And this is important for settler peoples to do. I do not believe that as Indigenous Peoples, scholars or otherwise, that it is our responsibility to save white people, to educate them, or to otherwise do this for them. This was always the point of the sisters locally: to give settlers the initial push, so that they can keep the ball rolling themselves. I believe it is very much so the responsibility of settler peoples to acknowledge genocide, acknowledge cultural destruction and to acknowledge theft of the land upon which they stand, and to acknowledge that they, every single one of them, benefits from those crimes in some way. In this i am indebted in my thought to the courageous settler comrades of the Uhuru Solidarity Movement, who hold that is not for Indigenous and Afrikan peoples to save white people (we have our own more pressing struggles), but rather for white people to save white people and bring themselves back into the human family from which they have so long been self-alienated (even as they proclaim themselves the human subject of history). Part of this is to speak truth, and the act of territorial acknowledgement is this.

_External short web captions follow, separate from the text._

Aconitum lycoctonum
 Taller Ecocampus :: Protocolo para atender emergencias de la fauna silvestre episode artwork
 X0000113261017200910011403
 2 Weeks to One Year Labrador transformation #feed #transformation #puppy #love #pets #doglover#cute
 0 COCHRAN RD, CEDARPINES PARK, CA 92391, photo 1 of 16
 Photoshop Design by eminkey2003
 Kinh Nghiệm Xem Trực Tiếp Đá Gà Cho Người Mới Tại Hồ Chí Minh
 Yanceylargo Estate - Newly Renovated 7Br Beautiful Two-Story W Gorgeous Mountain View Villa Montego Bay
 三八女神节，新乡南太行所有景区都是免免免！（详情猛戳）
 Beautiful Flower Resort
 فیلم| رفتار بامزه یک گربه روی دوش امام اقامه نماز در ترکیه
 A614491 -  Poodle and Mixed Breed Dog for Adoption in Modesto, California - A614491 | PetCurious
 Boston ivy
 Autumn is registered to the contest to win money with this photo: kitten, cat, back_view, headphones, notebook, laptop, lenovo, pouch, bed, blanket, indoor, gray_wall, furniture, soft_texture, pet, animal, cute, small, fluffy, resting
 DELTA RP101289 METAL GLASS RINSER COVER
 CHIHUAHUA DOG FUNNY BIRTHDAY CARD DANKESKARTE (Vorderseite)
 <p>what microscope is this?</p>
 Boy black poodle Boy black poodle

At the same time though i would echo the sisters who spoke at the circle in saying that in engaging in this process that settler peoples must take leadership on the issue from Indigenous Peoples. As i noted above in discussing why i pulled away from the practice when i first encountered it, this was in part due to the Rotinonshón:ni and Haldimand Tract specific nature of it at the time. Again this was not bad per say: it was because of the tireless efforts of the brothers and sisters from the Rotinonshón:ni community on and around the Six Nations of the Grand River reserve (the largest reserve in the region) in publicizing the history of struggle and theft regarding the Haldimand Tract that has put it in a prominent position.

However, this should not have meant that the Rotinonshón:ni and Haldimand Tract were the only peoples, territories and struggles to be acknowledged. If the settler peoples who i first encountered writing and speaking territorial acknowledgements had taken the time to listen to the regional Indigenous community, and more specifically to sit and take leadership from them, they would have known this. For example, the Anishinabek community of the Mississaugas of the New Credit First Nation is practically right next door to the Rotinonshón:ni at Six Nations of the Grand River. The region also contains several other Anishinaabek communities. This all would have become obvious to settler peoples seeking to acknowledge the territory if they had taken leadership instead of seeking to find their own way.

This is important because while, as i say, the Rotinonshón:ni and Haldimand Tract specific nature of the territorial acknowledgement when i first arrived here was not bad outright, it was only a half-measure. Further, in being a half measure it effectively erased the presence of Anishinaabek, Attawandaron, Wyandot, and Métis. In doing this it actually perpetuated settler colonial epistemic violence against those nations.

I am glad to say though that now in the region at the very least the presences and histories of the Anishinabek, Attawandaron and Rotinonshón:ni are all recognized. Even more correct territorial acknowledgements further have come to include the Wyandot and Métis Nations. The point i am trying to make here if that settler peoples on this, and any other decolonial issue, must take leadership from Indigenous Peoples in terms of form and content. As one of the speakers at the circle noted: “if you want to know whose territory in your area to acknowledge, ask the Indigenous community!”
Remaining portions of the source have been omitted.